Now, the actual cost of these TLB misses depends heavily on at least the following aspects of your hardware: (a) how many 4K TLB enties you have and how the rest of the translation caching works performs (b) how well hardware prefetch deals with with the TLB - e.g., can prefetch trigger a page walk? (c) how fast and how parallel the page walking hardware is. On modern high-end x86 Intel processors, the page walking hardware is in general very strong: there are at least 2 parallel page walkers, a page walk can occur concurrently with continued execution, and hardware prefetching can trigger a page walk. So the TLB impact on a streaming read load is fairly low - and such a load will often perform similarly regardless of the page size. Other hardware is usually much worse, however!

read() avoids these pitfalls

The read() syscall, which is what generally underlies the "block read" type calls offered e.g., in C, C++ and other languages has one primary disadvantage that everyone is well-aware of:

Every read() call of N bytes must copy N bytes from kernel to user space.

On the other hand, it avoids most the costs above - you don't need to map in 25 million 4K pages into user space.

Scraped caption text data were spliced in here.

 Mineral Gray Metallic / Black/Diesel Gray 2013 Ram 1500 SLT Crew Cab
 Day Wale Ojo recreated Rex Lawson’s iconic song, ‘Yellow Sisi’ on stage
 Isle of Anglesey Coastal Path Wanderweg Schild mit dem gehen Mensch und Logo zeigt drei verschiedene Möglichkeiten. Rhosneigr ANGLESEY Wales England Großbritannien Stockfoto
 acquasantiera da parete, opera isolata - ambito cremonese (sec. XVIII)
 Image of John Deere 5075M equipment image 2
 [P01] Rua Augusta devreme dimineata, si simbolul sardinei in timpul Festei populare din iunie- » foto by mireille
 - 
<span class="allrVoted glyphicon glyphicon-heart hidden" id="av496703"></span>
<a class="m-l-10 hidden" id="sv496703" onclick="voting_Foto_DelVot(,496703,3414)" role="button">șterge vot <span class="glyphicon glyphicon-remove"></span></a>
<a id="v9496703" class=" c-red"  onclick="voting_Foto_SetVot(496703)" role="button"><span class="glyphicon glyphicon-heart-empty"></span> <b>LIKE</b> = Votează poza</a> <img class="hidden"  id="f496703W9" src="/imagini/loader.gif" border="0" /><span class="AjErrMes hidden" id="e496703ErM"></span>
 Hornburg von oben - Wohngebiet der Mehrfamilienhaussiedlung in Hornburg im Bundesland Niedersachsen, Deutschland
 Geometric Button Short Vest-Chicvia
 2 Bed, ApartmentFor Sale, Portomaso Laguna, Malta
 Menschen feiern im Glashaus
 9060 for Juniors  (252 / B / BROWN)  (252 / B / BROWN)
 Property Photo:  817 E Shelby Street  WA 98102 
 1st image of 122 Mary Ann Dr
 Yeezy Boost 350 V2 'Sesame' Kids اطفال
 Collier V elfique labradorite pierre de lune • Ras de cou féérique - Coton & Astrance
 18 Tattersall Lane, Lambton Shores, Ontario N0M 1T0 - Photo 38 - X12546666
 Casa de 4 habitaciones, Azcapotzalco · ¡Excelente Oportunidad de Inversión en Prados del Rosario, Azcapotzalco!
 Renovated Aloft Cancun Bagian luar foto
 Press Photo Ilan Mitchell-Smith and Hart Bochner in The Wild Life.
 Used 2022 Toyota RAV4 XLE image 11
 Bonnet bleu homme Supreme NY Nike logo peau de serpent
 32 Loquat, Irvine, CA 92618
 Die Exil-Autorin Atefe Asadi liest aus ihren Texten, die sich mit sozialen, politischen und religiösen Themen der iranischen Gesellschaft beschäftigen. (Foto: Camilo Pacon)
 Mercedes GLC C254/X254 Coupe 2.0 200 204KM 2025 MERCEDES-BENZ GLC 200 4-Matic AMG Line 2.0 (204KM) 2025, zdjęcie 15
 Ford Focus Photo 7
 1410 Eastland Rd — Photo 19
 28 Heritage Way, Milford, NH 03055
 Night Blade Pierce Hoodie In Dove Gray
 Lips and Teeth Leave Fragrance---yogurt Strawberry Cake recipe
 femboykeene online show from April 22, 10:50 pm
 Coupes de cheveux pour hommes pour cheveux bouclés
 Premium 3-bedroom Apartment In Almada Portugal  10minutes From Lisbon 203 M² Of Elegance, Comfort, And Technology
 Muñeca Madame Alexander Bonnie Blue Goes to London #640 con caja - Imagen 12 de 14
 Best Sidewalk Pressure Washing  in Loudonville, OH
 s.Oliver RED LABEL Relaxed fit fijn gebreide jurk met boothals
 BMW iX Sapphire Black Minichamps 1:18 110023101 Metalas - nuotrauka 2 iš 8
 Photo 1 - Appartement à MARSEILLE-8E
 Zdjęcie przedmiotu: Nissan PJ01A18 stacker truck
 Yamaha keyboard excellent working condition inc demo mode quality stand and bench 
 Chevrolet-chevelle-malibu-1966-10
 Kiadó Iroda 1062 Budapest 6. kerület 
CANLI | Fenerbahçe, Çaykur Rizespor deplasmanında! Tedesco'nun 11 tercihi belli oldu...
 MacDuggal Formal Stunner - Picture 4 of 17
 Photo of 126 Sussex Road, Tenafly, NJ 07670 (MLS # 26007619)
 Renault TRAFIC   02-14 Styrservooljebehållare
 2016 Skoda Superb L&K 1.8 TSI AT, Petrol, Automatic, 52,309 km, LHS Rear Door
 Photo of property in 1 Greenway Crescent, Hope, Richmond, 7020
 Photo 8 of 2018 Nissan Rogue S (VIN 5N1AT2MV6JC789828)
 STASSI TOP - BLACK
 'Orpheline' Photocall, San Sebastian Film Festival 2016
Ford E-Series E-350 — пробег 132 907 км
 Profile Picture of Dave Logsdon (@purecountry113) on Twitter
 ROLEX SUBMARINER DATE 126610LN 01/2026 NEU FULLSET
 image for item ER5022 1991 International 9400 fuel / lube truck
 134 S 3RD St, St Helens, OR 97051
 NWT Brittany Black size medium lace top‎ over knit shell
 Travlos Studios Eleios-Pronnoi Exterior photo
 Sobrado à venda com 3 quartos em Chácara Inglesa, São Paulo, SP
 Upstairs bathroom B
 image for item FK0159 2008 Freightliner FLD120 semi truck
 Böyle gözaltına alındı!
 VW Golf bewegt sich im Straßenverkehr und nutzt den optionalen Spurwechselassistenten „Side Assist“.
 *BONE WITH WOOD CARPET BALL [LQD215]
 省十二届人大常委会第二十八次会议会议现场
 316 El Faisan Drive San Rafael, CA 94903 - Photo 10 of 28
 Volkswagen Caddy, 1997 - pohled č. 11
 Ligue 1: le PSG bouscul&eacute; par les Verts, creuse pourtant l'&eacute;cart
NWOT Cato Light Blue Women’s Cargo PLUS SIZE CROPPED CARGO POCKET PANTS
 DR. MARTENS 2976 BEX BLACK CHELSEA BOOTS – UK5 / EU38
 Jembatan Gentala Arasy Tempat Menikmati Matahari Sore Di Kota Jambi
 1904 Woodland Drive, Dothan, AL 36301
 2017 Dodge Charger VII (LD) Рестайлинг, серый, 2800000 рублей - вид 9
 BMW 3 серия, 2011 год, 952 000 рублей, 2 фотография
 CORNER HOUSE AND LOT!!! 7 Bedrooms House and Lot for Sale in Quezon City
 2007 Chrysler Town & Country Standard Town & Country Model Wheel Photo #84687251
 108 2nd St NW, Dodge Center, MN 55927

You can usually malloc a single buffer small buffer in user space, and re-use that repeatedly for all your read calls. On the kernel side, there is almost no issue with 4K pages or TLB misses because all of RAM is usually linearly mapped using a few very large pages (e.g., 1 GB pages on x86), so the underlying pages in the page cache are covered very efficiently in kernel space.

So basically you have the following comparison to determine which is faster for a single read of a large file:

Is the extra per-page work implied by the mmap approach more costly than the per-byte work of copying file contents from kernel to user space implied by using read()?

On many systems, they are actually approximately balanced. Note that each one scales with completely different attributes of the hardware and OS stack.

In particular, the mmap approach becomes relatively faster when:

The OS has fast minor-fault handling and especially minor-fault bulking optimizations such as fault-around.
The OS has a good MAP_POPULATE implementation which can efficiently process large maps in cases where, for example, the underlying pages are contiguous in physical memory.
The hardware has strong page translation performance, such as large TLBs, fast second level TLBs, fast and parallel page-walkers, good prefetch interaction with translation and so on.

... while the read() approach becomes relatively faster when:

The read() syscall has good copy performance. E.g., good copy_to_user performance on the kernel side.
The kernel has an efficient (relative to userland) way to map memory, e.g., using only a few large pages with hardware support.
The kernel has fast syscalls and a way to keep kernel TLB entries around across syscalls.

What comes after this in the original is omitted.